Same thing goes for abortion. I recently read where Planned Parenthood has a chaplain who…I can’t really imagine what his actual purpose is, except to lie to these women and make them think it’s all good. It can be, if the woman repents just like everybody else has to, but I don’t think there’s too much in the way of biblical justification for abortion. When I looked, I saw a lot of secular logic; lotta talk about patriarchy and holding women down, but not too much Bible. Overall, I think that’s the weakness of liberation theology. By using postmodern interpretative techniques like “deconstruction,” the result is biblical nullification. The witness of the text is held subject to the political leanings of the individual in such a way that when there is a disagreement between the two, the political wins out.

Not like so-called liberals have the market cornered, by the way. Their variances from scripture tend to be more sensational, usually having some connection to sex, but I seem to recall Jesus pointing out one or two people whose greed and self-righteousness represented a problem for their relationship with Him. Greed and pride, unlike sexual sins, are all but impossible to identify in another person. Honestly, they’re even hard to self-identify. The difference between appreciating what God has done for me and being prideful for what I did is gossamer. I have to be very conscious of my intents and motives. Focusing on myself makes it very difficult to worry about where somebody else may be going wrong, even when their wrong is different than mine.

We’ll Be Right Back…

Posted in Everwhatever on April 29th, 2004

When I get done with all this busy-ness (but before I start up the busier-ness), I’m gonna drop posts on:

- liberation theology
- brothers on the DL
- misogyny in hip-hop? (may not get to that one, but we’ll see.)

Soon & very soon

Paul Mooney’s Toothpaste

Posted in Everwhatever on April 22nd, 2004

“I say ‘nigger’ 100 times every morning; it keeps my teeth white.” - Paul Mooney

Before I got the Good Times DVDs, I bought Sanford & Son. Looking at the credits for the second season, I saw something that really tripped me out. Richard Pryor and Paul Mooney collaborated on two episodes. I never knew that Richard Pryor had written any episodes of S&S. It had never even occurred to me that he might do something like that. Anyway, when I looked back at the episodes Pryor and Mooney had collaborated on, I found a common occurrence. In both episodes, Fred said “nigger.”

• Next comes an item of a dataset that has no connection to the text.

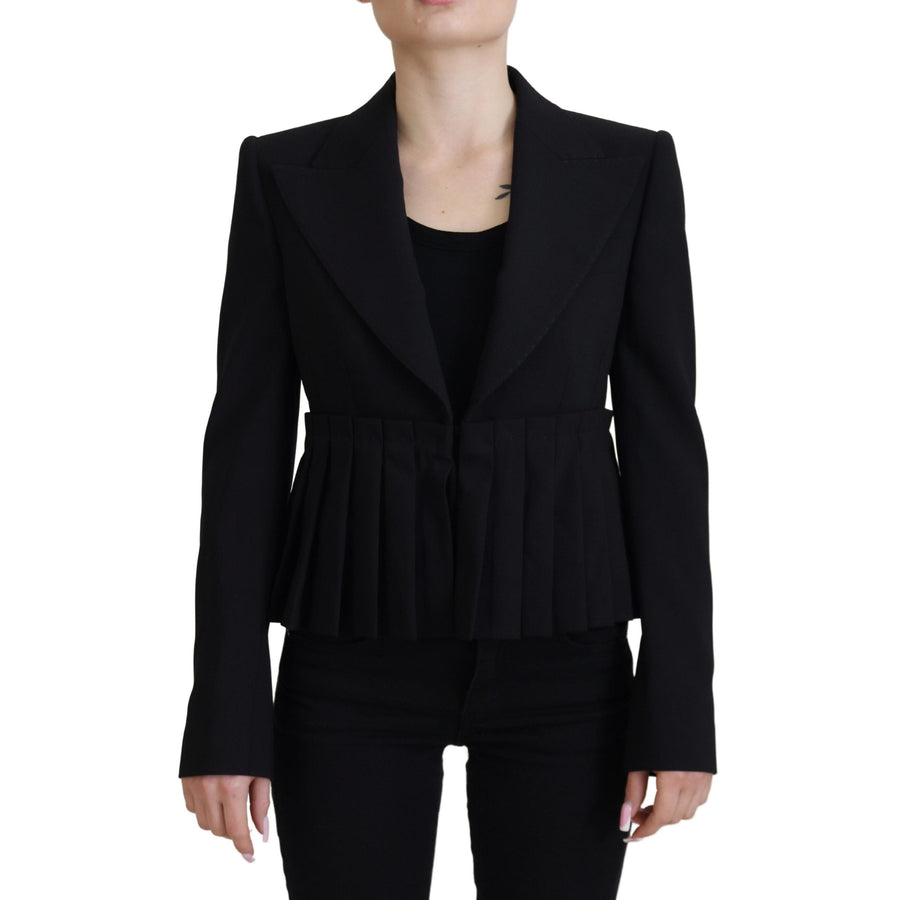 Dolce & Gabbana Elegant Black Stretch Wool Blazer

For about 12 or 13 years, I’ve had serious ambivalencies about ‘nigger/nigga.’ Back in ‘94, I wrote a paper where I pegged out a specific instance in which it had a positive connotation without really dealing with the negative aspects of it. I’m not going to rehash all that here, but I will say that it’s a very interesting word. Randall Kennedy called it “troublesome.” It’s that too. More than anything, it’s whatever the speaker and the hearer make of it. If it only has currency as a negative, then it’s negative. If, between individuals, it has the potential to be a term of endearment, then it can be that sometimes.

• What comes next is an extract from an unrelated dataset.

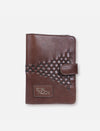 Brown leather EcoRock passport cover with woven leather design and snap closure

To give this some perspective, last week, I did some writing on Blackness; what it is and whatnot. I didn’t come to any firm conclusions because I think Blackness as an existential state is very liquid. I don’t know that there is a way to be Black just like I don’t know that there is a way to be a man. That is to say, in most people’s vernacular, having a ‘y’ chromosome and achieving 18 years does not qualify one for manhood. That’s the basis, but there are other variables in the equation. In my family, it’s stuff like paying your bills on time and being responsible to get things that need doing done. I don’t know that defines a man so much as it defines an adult; there is no gender-specific element at play. Some other people I know are hesitant to use the term “man” to describe a gay male. Likewise, there are people who seem to think that having conservative politics means that a person is not Black (or maybe not Black enough). Last year, after Rush Limbaugh (what was ESPN thinking in the first place?) made his pronouncement that Donovan McNabb is overrated (could be true) and that the Liberal Media Machine had an agenda to make Donovan look better than he really is (Limbaugh must have never been to Philly. There is no such thing as a free ride for an athlete in Illadelph.), Outside the Lines had Armstrong Williams on there with some Africana Studies professor from a California school (USC?) discussing the whole incident. Well, somehow, the word nigger came up and the professor cat spouted off that old line about how it’s a term of endearment. So of course, Armstrong started talking about how he doesn’t use it as a term of endearment, then the professor dude starts talking about how it’s used within the Black family, of which Armstrong is not a part, and it just went downhill from there. Luckliy, for my stomach and Butterscotch’s ears (I go off for 20 minutes at a time when I hear nonsensical arguments like that) I had somewhere to go.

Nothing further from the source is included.